TASK DIRECTIONS: When you repeat the material, keep each line exact and omit the pictures.

GIVEN MATERIAL:
*** Begin section ***

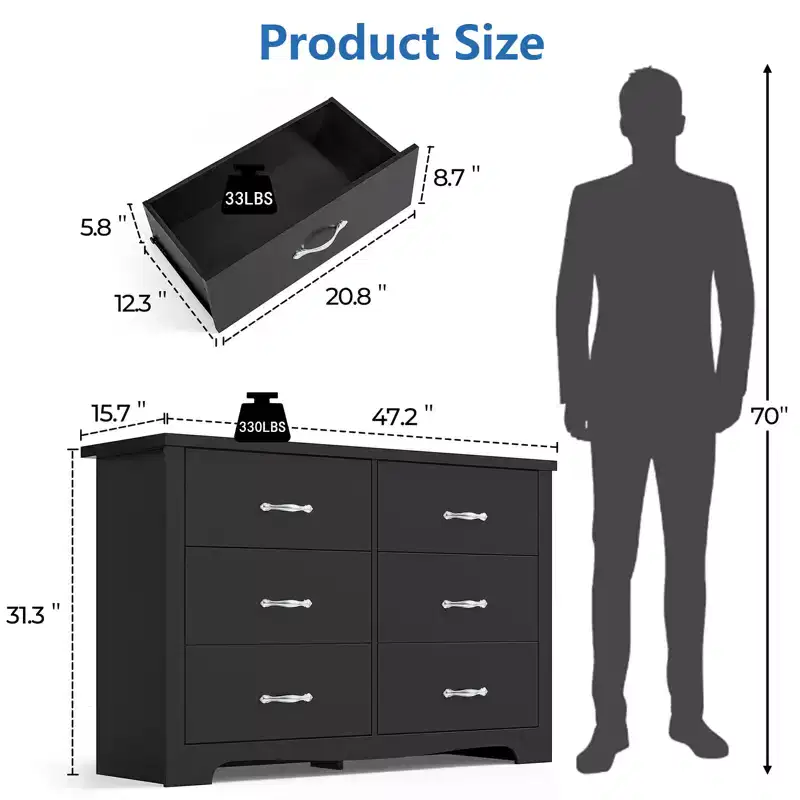 6-Drawer Wooden Dresser Horizontal Natural Finish MDF Bedroom Furniture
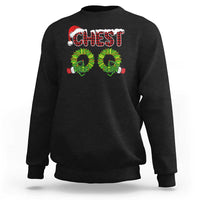 Black crewneck sweatshirt with 'CHEST' chestnut graphic on front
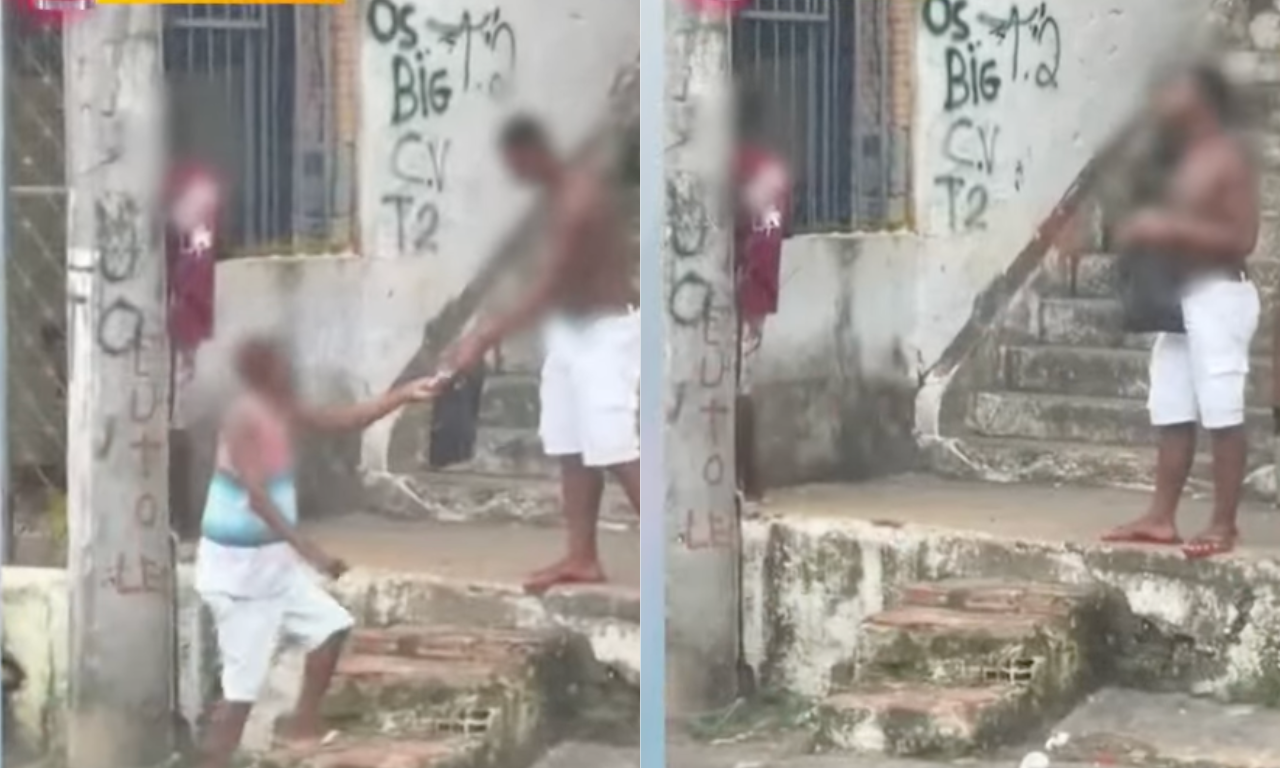 V&Iacute;DEO: moradores denunciam tr&aacute;fico de drogas em via p&uacute;blica de Salvador.Foto: TV Aratu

*** End section ***

TASK RESPONSE:
 6-Drawer Wooden Dresser Horizontal Natural Finish MDF Bedroom Furniture
 Black crewneck sweatshirt with 'CHEST' chestnut graphic on front
 V&Iacute;DEO: moradores denunciam tr&aacute;fico de drogas em via p&uacute;blica de Salvador.Foto: TV Aratu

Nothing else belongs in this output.